● **EXERCISE DIRECTIONS**
In your copy, include every line of the listing below exactly but none of the pictures.

Start of EXERCISE MATERIAL

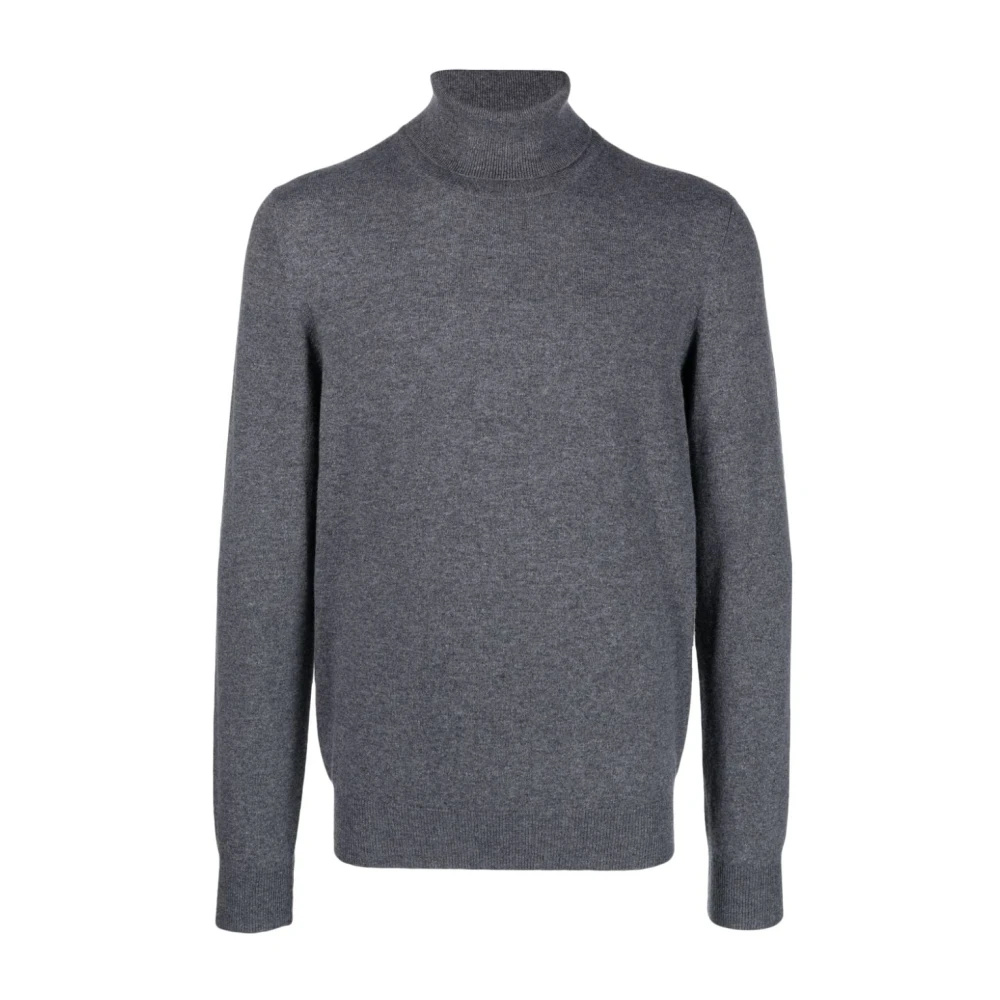 Barba Luxe Cashmere Rollneck Sweater Gray Heren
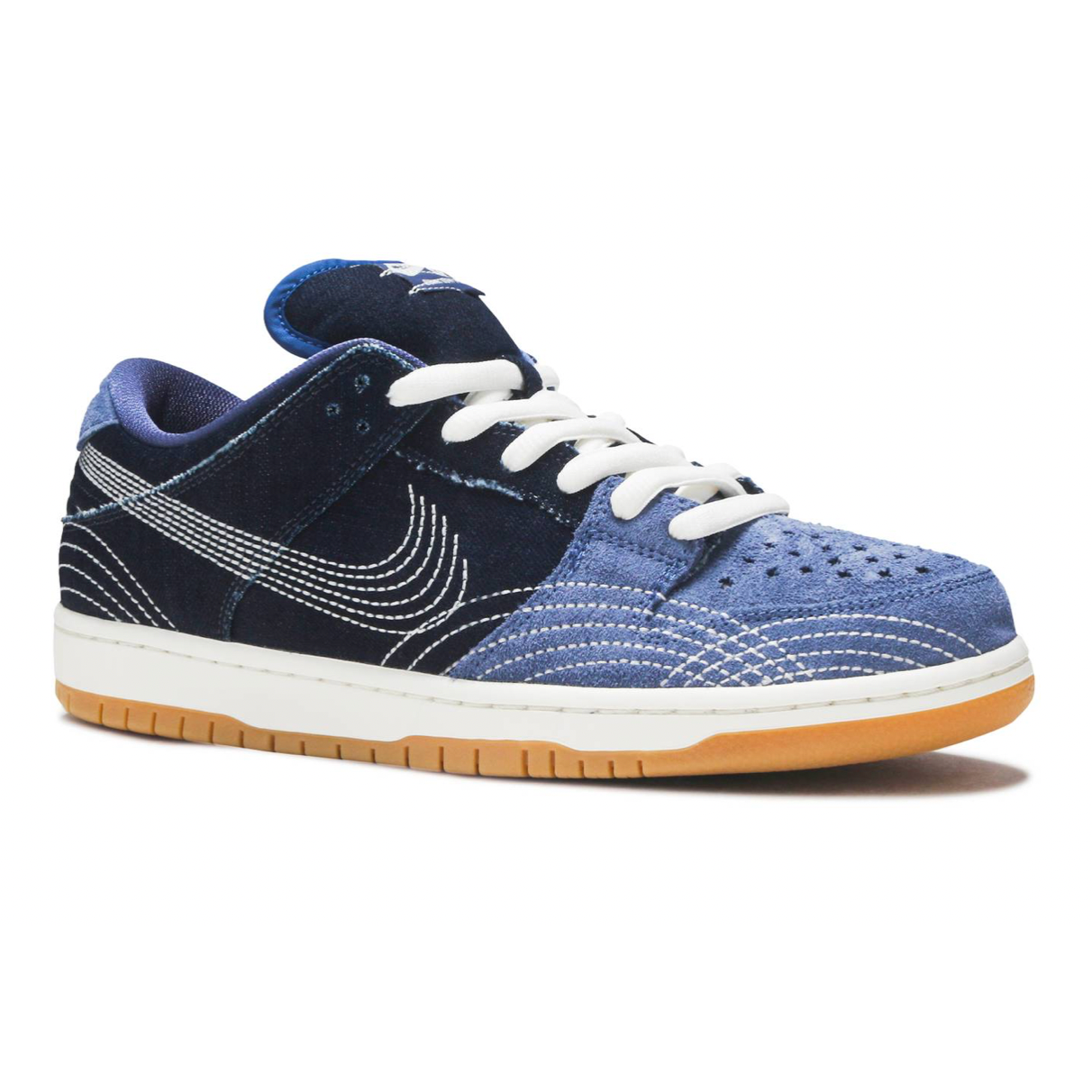 Nike SB Dunk Low Denim Sashiko by Nike in Shoes. Available at KershKicks for £250.00. A must-have for fans of Nike looking to elevate their style with this Shoes.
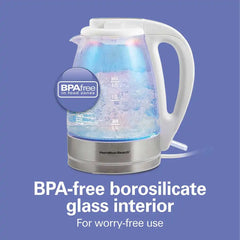 1.7 Liter Iridescent Glass Kettle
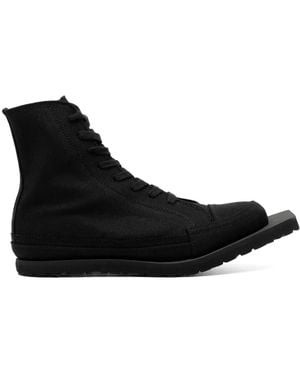 Yohji Yamamoto Hi-Top Lace-Up Shoes - Black
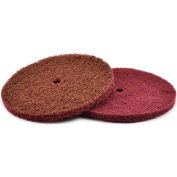Abrasifs supérieure 34470 S Cond Satin HS disque 1/2" trou 6" oxyde d’aluminium moyen, qté par paquet : 25
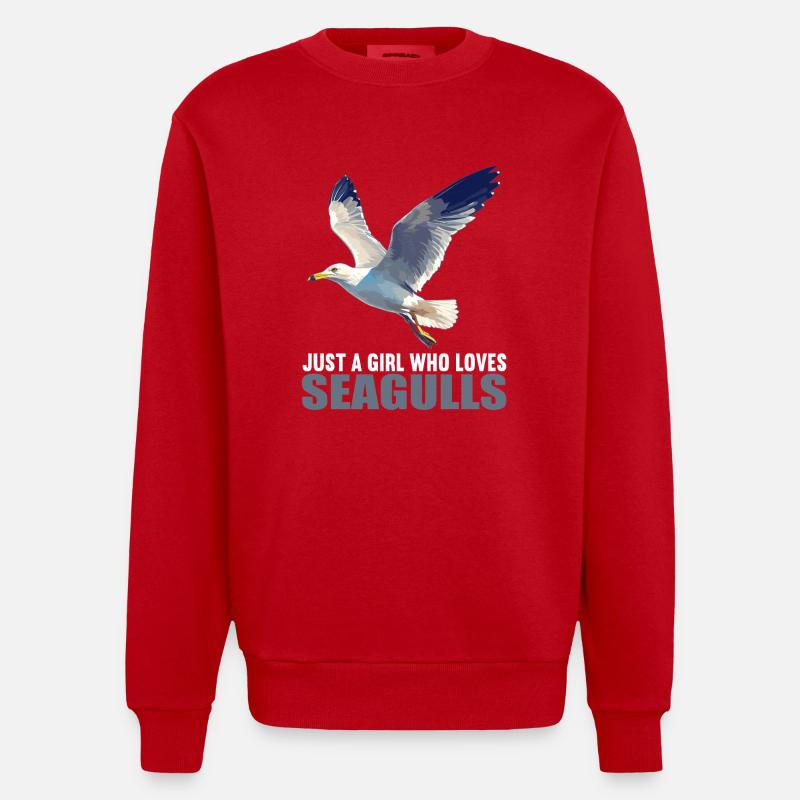 Mouettes Mouette - Sweat bio épais oversize fabriqué en UE - rouge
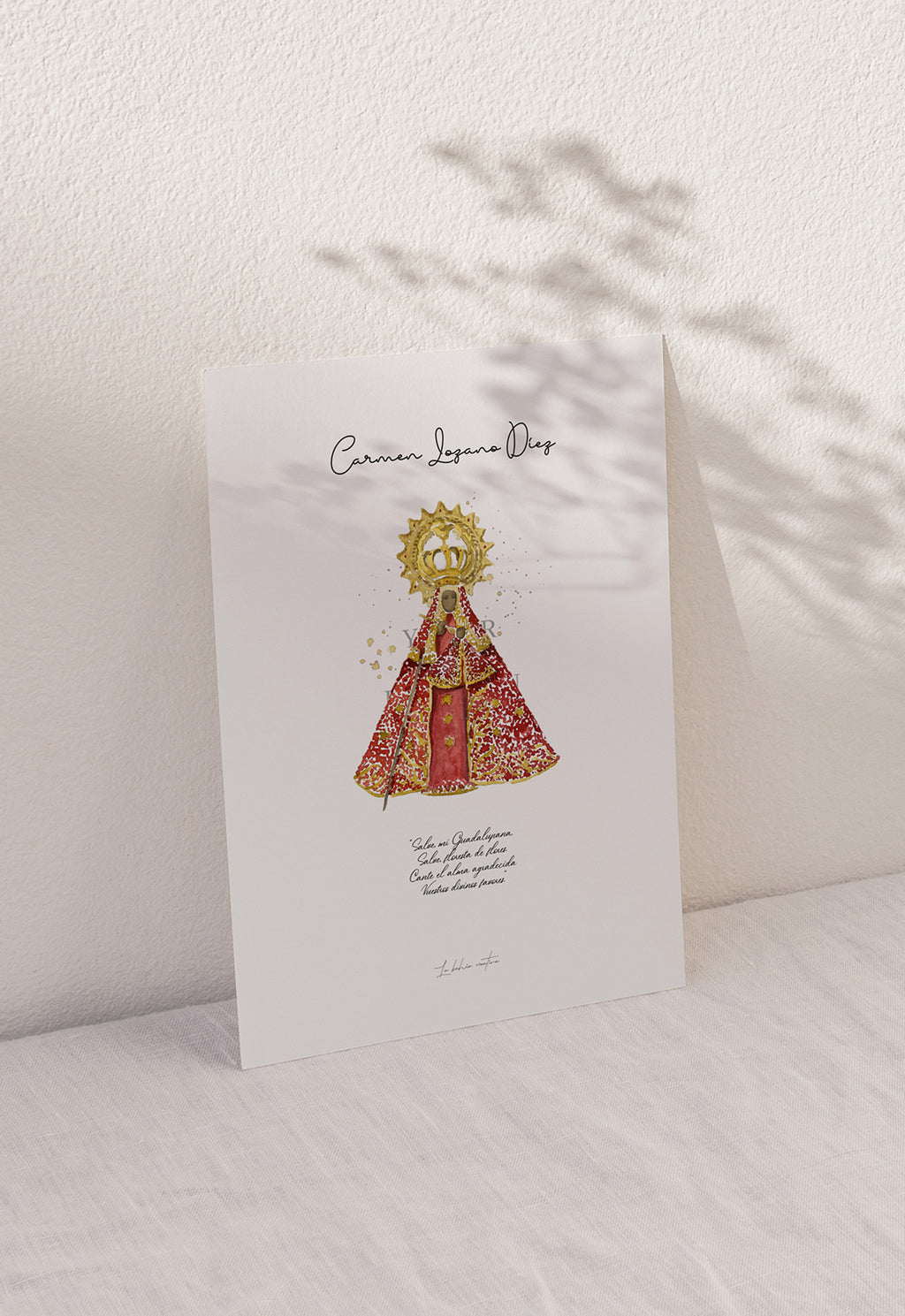 Lámina Virgen de Guadalupe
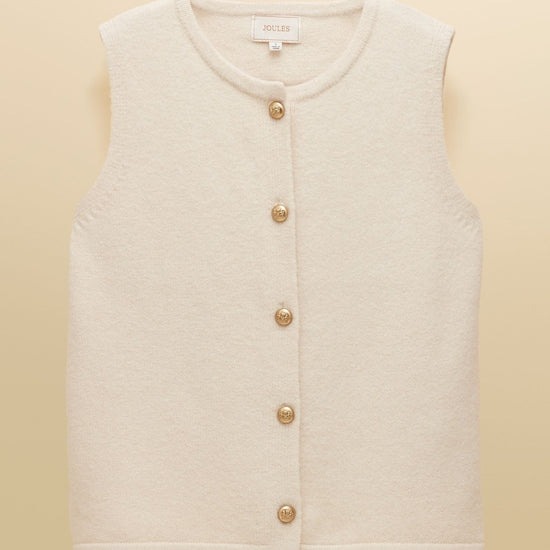 Young Ideas/Henmores - Holly Button Tank - Cream - S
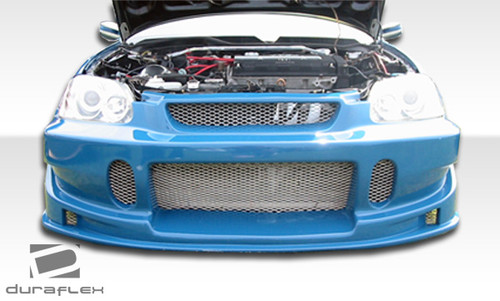 1996-1998 Honda Civic Duraflex Buddy Front Bumper Cover - 1 Piece / Vehicle Year Make Model Trim - 1996-1998-Honda Civic ALL / Product Type - Front Bumper / Style Name -Buddy / Kit Material - FRP (Fiberglass Reinforced Plastics) / Notes -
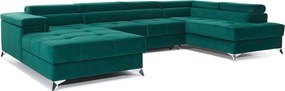 Colțar lemn masiv Formă U Extensibil Linde 337x205cm Personalizabil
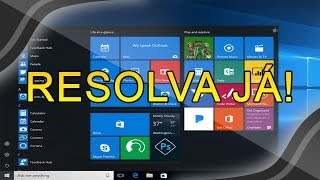 Menu Iniciar NÃO ABRE no Windows 10  Como resolver o problema [upl. by Nabala]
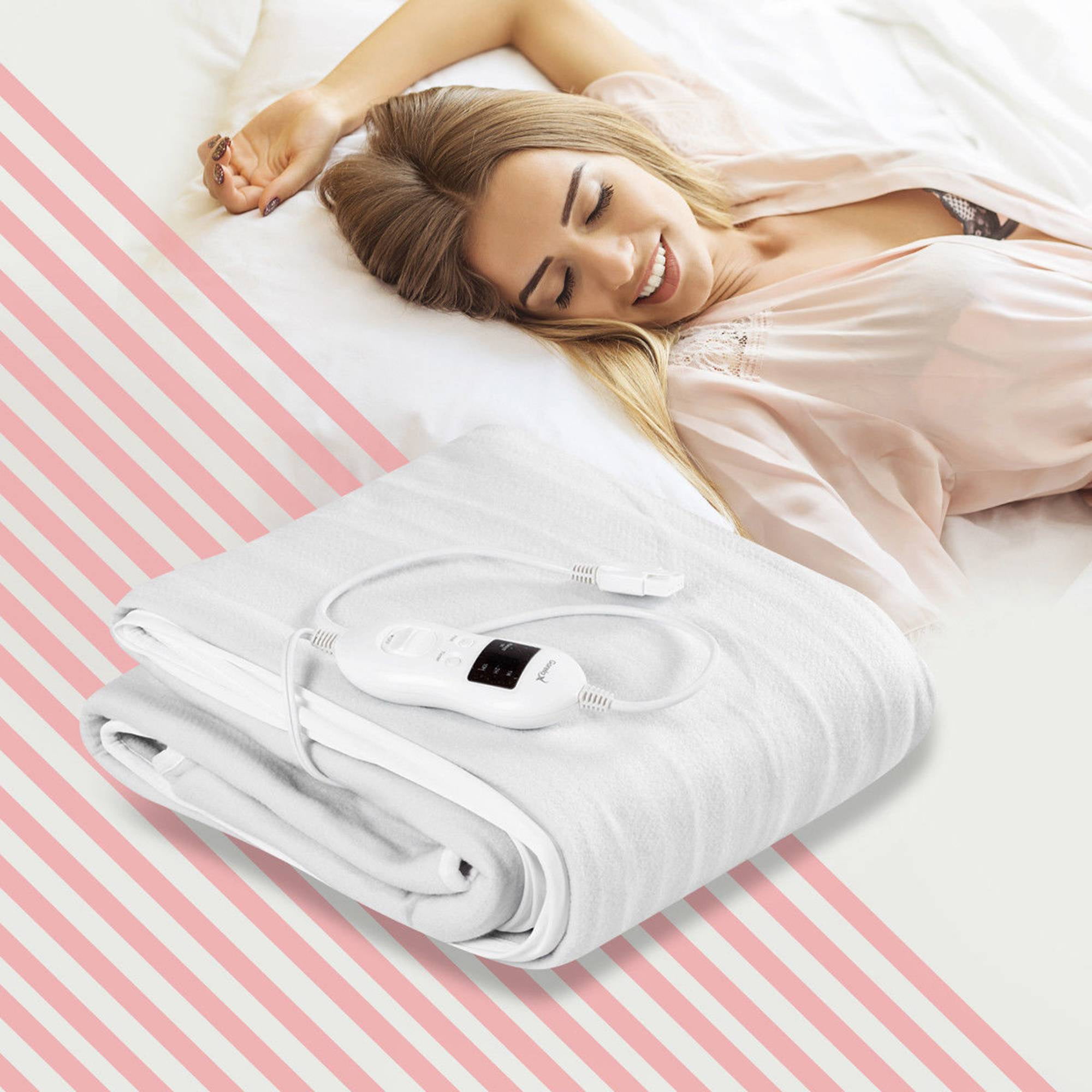 Costway Electric Heated Mattress Pad Safe Twin 8 Temperature 10h Timer |  Walmart Canada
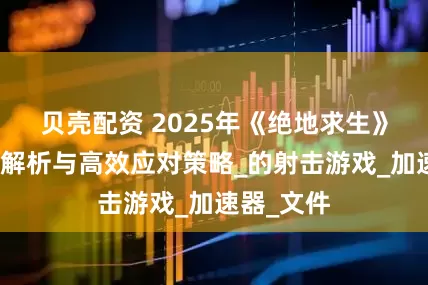 贝壳配资 2025年《绝地求生》登录障碍解析与高效应对策略_的射击游戏_加速器_文件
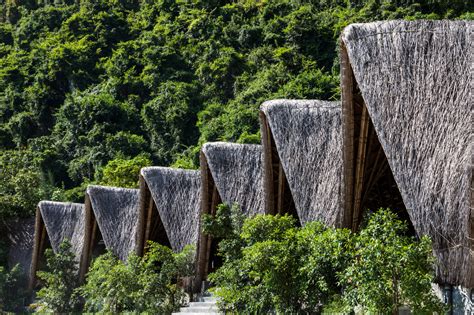 This tiny bamboo hut resort is built on a remote Vietnamese beach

End of EXERCISE MATERIAL

● **RESULT OF THIS EXERCISE**
 Barba Luxe Cashmere Rollneck Sweater Gray Heren
 Nike SB Dunk Low Denim Sashiko by Nike in Shoes. Available at KershKicks for £250.00. A must-have for fans of Nike looking to elevate their style with this Shoes.
 1.7 Liter Iridescent Glass Kettle
 Yohji Yamamoto Hi-Top Lace-Up Shoes - Black
Abrasifs supérieure 34470 S Cond Satin HS disque 1/2" trou 6" oxyde d’aluminium moyen, qté par paquet : 25
 Mouettes Mouette - Sweat bio épais oversize fabriqué en UE - rouge
 Lámina Virgen de Guadalupe
 Young Ideas/Henmores - Holly Button Tank - Cream - S
 1996-1998 Honda Civic Duraflex Buddy Front Bumper Cover - 1 Piece / Vehicle Year Make Model Trim - 1996-1998-Honda Civic ALL / Product Type - Front Bumper / Style Name -Buddy / Kit Material - FRP (Fiberglass Reinforced Plastics) / Notes -
 Colțar lemn masiv Formă U Extensibil Linde 337x205cm Personalizabil
 Menu Iniciar NÃO ABRE no Windows 10  Como resolver o problema [upl. by Nabala]
 Costway Electric Heated Mattress Pad Safe Twin 8 Temperature 10h Timer |  Walmart Canada
 贝壳配资 2025年《绝地求生》登录障碍解析与高效应对策略_的射击游戏_加速器_文件
 This tiny bamboo hut resort is built on a remote Vietnamese beach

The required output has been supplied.